My first challenge was tracking down impeccably fresh, sushi grade ahi tuna, but that turned out to be relatively easy. Egmont Seafoods, a wonderful fish supplier based near the port in New Plymouth, has it available for sale each Wednesday.
Next I needed to find a "poke" recipe with which to play around. I was lucky enough to find one that is based on Bear Flag's version, here. I couldn't find toasted sesame oil but had the regular sesame oil also called for, so went with that. The raw tuna is chopped against the grain into cubes, then marinated for two hours in soy sauce, sesame oil, lime juice, chile sauce, white and black sesame seeds and green/spring onions.
Poke, pronounced "poh-kay," is a traditional Hawaiian dish of ahi tuna marinated in soy sauce and sesame oil, or variations thereof. Think of it as the Hawaiian version of ceviche. It's healthy and delicious. In Newport Beach, California Bear Flag serves it with tortilla chips, and most people add guacamole (which maybe isn't quite so healthy!). Poke "bowls" are a bit trendy right now, especially in Australia.
Here's Bear Flag's version:
And here's my first attempt, with tortilla chips and a wee bit of guacamole (avos are still reasonably expensive here at the moment, so I didn't go overboard):
The verdict: it was good, but it wasn't anywhere near as good as Bear Flag poke.
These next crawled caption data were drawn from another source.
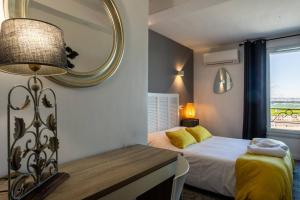 a bedroom with a bed and a mirror and a table at Hôtel Le Mistral in Marseille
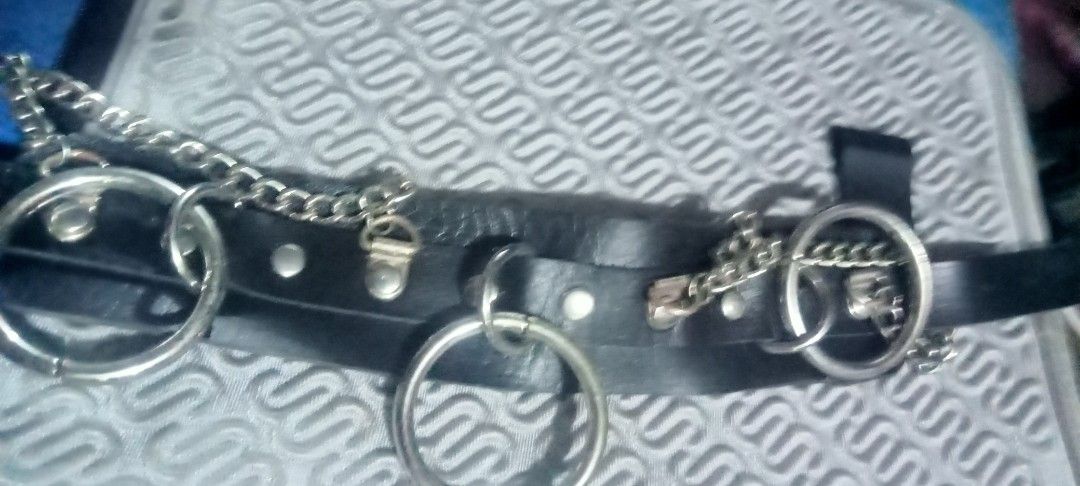 Choker Belt with Silver Chains and Rings (Category: Belts) located in Paranaque City. Submitted by dimaguilaa94969 (Listing ID 1460220602, Image 1). Description: - Cool black leather belt - Features silver chains and large O-rings - Includes smaller rings for added pm if int detail - Secure buckle closure - Perfect for adding an edgy touch to your style09260966619 .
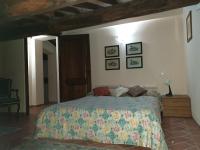 A bed or beds in a room at Podere il Poggio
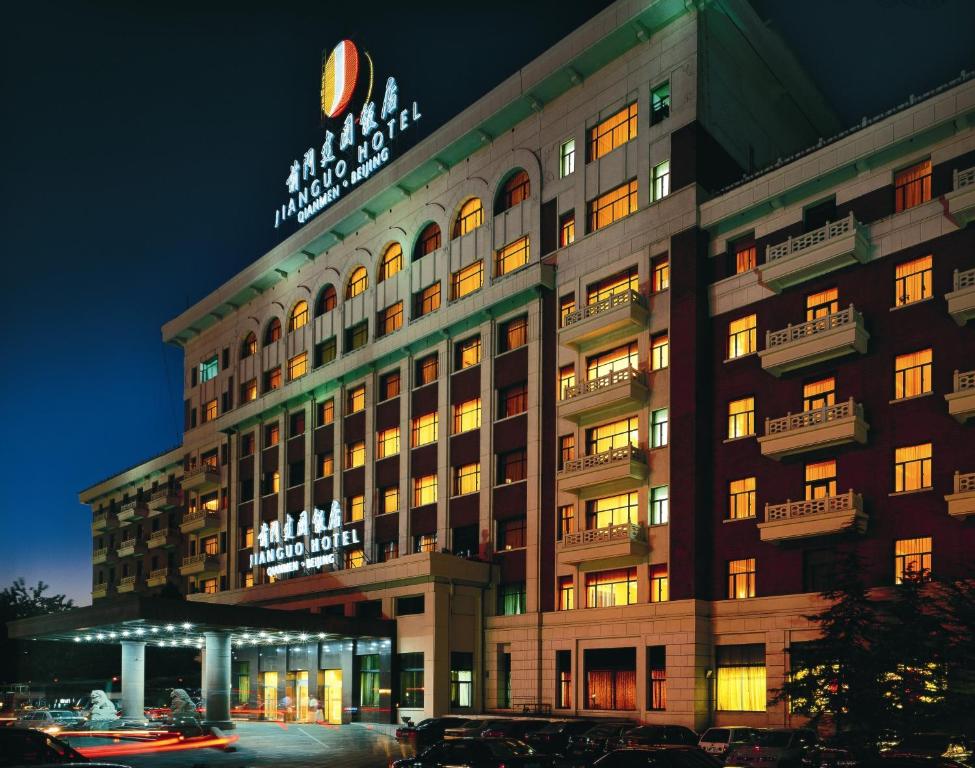 a building with a sign on top of it at night at Jianguo Qianmen Beijing in Beijing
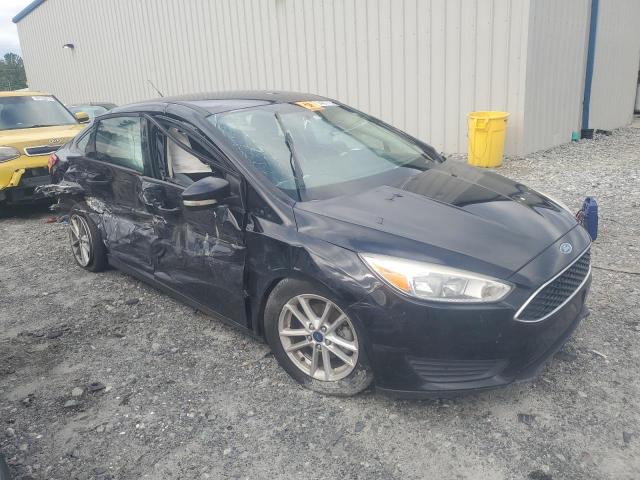 Снимка 4 от търг – 2017 FORD FOCUS SE с VIN 1FADP3F21HL262360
This recipe tasted too much of sesame oil vs. Bear Flag. When I make it again I'll most likely eliminate or reduce the sesame oil and increase the Sriracha chile sauce and lime juice. To make matters worse, the avos in my guacamole were bland and watery, and it goes without saying that those sure weren't California tortilla chips. My experiments will continue, but I might just need to accept that an exact recreation of Bear Flag's poke may not be possible. At least not without getting my hands on the recipe!
It also might make sense for me to research how traditional Hawaiian poke is made, to taste and understand the authentic dish and improvise from there. For this I was working with someone's improvisation of someone's interpretation and hoping it would get me to where I wanted to go.